Task details
Nothing but the lines holding the string "Apartment" should appear in the answer. Copy them from the entries.
BEGIN
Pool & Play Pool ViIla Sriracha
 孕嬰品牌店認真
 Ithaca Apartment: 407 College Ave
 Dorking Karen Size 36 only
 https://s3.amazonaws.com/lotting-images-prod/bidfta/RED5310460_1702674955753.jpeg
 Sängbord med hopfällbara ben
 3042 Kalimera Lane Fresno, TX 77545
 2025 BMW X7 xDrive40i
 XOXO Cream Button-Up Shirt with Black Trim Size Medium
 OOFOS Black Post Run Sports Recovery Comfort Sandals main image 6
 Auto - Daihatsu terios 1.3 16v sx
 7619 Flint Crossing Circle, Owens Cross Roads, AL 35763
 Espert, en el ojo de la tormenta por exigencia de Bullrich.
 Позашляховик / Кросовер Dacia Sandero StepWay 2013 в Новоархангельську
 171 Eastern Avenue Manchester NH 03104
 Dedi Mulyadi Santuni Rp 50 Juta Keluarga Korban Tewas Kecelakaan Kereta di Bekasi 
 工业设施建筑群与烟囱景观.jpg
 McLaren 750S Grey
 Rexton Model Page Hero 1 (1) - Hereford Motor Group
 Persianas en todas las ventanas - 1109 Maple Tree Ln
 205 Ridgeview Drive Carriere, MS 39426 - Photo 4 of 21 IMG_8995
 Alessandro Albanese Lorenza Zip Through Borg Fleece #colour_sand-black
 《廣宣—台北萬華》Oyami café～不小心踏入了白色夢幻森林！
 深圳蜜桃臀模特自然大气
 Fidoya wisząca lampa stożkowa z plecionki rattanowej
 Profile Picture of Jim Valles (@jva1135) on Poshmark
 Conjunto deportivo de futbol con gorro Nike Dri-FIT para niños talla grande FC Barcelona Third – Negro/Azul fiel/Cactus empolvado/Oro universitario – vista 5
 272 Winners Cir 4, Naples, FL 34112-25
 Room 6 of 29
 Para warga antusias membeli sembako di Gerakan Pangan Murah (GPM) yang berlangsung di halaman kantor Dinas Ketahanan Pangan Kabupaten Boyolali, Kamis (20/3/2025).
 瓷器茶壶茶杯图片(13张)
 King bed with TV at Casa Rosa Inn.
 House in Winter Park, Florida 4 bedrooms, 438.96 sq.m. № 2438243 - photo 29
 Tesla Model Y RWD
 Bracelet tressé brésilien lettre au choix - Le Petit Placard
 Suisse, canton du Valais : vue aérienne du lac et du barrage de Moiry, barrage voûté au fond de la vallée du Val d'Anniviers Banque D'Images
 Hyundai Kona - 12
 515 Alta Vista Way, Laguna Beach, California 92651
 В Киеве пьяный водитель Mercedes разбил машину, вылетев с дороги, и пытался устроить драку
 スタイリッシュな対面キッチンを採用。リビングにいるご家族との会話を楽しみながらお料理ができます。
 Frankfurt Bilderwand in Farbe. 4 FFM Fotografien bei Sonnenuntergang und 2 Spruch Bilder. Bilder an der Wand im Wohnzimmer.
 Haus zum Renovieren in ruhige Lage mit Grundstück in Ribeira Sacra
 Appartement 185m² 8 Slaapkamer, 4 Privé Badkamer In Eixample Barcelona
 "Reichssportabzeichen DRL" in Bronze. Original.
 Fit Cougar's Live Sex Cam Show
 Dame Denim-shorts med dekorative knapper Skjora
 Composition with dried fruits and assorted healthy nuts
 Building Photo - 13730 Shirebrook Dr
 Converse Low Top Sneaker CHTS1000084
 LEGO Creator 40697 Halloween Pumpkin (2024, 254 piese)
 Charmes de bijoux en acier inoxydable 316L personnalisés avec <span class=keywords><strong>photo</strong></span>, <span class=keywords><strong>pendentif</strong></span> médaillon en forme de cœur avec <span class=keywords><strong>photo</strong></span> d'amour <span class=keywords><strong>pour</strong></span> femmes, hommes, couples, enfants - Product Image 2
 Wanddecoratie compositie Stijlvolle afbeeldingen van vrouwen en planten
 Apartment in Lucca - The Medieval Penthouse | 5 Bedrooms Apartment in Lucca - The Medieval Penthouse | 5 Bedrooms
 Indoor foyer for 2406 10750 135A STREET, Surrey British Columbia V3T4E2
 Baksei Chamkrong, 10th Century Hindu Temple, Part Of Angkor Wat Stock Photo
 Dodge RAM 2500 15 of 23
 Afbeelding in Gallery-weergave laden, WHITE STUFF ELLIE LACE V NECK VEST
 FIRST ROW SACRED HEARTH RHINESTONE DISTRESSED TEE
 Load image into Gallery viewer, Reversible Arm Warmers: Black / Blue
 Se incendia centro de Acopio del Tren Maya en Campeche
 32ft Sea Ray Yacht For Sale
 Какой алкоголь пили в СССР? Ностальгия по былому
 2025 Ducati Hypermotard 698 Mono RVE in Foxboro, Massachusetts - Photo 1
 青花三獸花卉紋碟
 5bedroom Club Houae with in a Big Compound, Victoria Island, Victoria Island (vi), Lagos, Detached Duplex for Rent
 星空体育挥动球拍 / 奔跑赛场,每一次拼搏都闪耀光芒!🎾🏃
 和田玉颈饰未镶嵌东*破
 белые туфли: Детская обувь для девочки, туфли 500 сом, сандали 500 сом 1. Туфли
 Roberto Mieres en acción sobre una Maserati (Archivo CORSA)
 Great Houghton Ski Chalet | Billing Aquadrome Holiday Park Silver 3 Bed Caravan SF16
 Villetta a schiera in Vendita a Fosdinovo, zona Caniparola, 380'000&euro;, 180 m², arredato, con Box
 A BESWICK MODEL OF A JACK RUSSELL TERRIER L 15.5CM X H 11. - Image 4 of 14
END
Result for this task
 Ithaca Apartment: 407 College Ave
 Apartment in Lucca - The Medieval Penthouse | 5 Bedrooms Apartment in Lucca - The Medieval Penthouse | 5 Bedrooms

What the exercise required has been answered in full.